After weeks of assessing and planning and thinking and rethinking, I started off this week jumping straight into my Action Research Inquiry which revolves around the question,
“How does writing for an audience affect students’ achievement in and attitude toward writing?”




I was excited, nervous, scared, and hopeful to start a daily writing program in my second grade classroom and knew that it was going to be a huge change for the students. Being able to write everyday takes practice and I understand that my students will need to build up their endurance for writing. To get them fired up about writing everyday, I introduced the students to their special writing tools, their first writing topic, their first major deadline and their first audience.

Before spring break, the students read several stories by Tommie dePaola and discussed the different elements of a story such as its characters, the setting, the problem and the solution.
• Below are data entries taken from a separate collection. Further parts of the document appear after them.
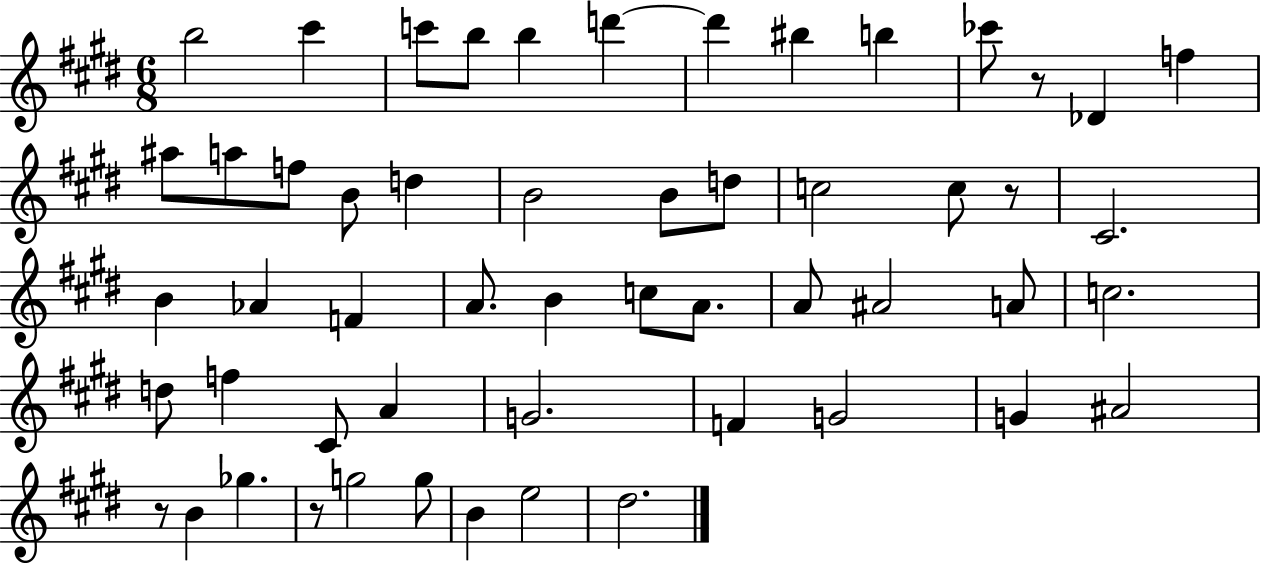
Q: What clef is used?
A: treble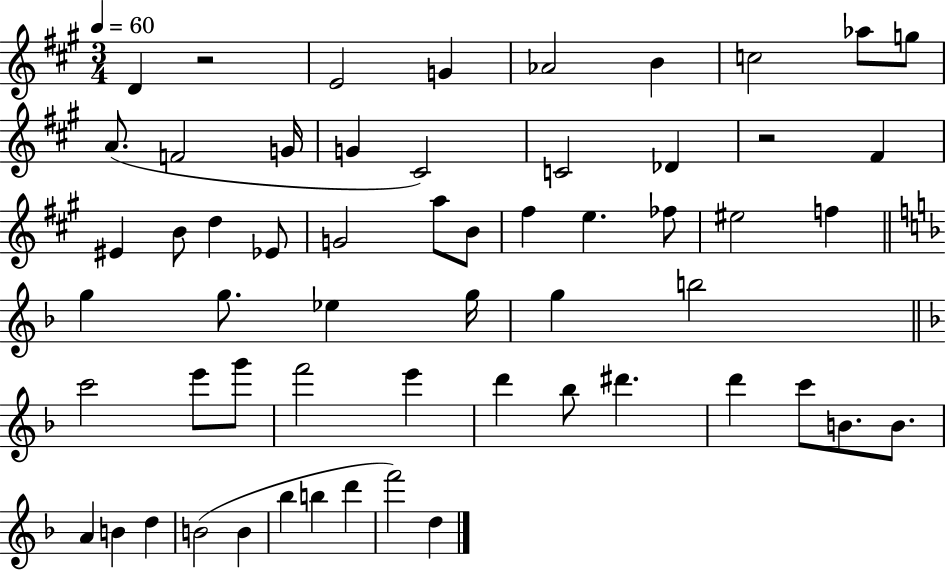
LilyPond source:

{
  \clef treble
  \numericTimeSignature
  \time 3/4
  \key a \major
  \tempo 4 = 60
  d'4 r2 | e'2 g'4 | aes'2 b'4 | c''2 aes''8 g''8 | \break a'8.( f'2 g'16 | g'4 cis'2) | c'2 des'4 | r2 fis'4 | \break eis'4 b'8 d''4 ees'8 | g'2 a''8 b'8 | fis''4 e''4. fes''8 | eis''2 f''4 | \break \bar "||" \break \key d \minor g''4 g''8. ees''4 g''16 | g''4 b''2 | \bar "||" \break \key f \major c'''2 e'''8 g'''8 | f'''2 e'''4 | d'''4 bes''8 dis'''4. | d'''4 c'''8 b'8. b'8. | \break a'4 b'4 d''4 | b'2( b'4 | bes''4 b''4 d'''4 | f'''2) d''4 | \break \bar "|."
}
I told the children that they would be telling a story from their own personal lives and that they would pick the experience they would write about. I explained that they would have three weeks to brainstorm, draft, edit and publish their stories so that they could share them during an author's celebration. During this celebration, other students from the school, parents, administrators and community members would be invited to read their stories AND we would be publishing their stories in a hard cover book so that people could BUY it. The students were stoked. They were all about having their stories in a REAL book that people had to actually pay money for.
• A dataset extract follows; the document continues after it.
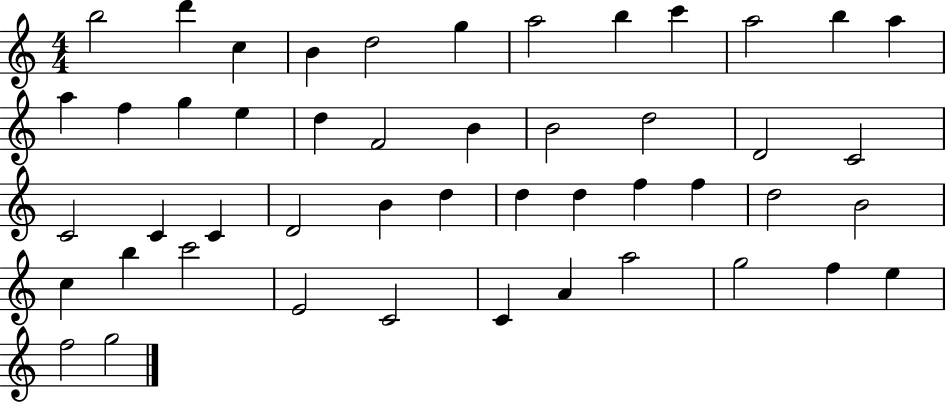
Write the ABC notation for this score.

I would like to say that after my mini lessons about prewriting, characters, setting, problems and solutions, the students grabbed their pens and pencils and wrote with fervor and enthusiasm. The truth is, while almost all of the kids expressed excitement and motivation during the lessons, their excitement faded as soon as they were sitting in their seats, pencil in hand and paper on desk. Familiar looks of frustration appeared on their faces and the statement, "I don't know what to write," was repeated more than I wanted to hear.

The Good News: After repeating certain questions (Where were you? What did it look like? When did this happen? Who was with you? How did you feel?) students began to warm up and their creative juices began to flow. (For some, their creative juices trickled, but I'll take it). I noticed that encouraging students to talk before they wrote, either to me or to each other, helped in getting them to write their ideas on paper. The trick was asking the right questions and I am hoping I can teach my students to ask each other the 'right' questions so that I do not have to conference with everybody everyday.

If anyone has any advice regarding effective and efficient ways to implement peer feedback, your ideas would be greatly appreciated!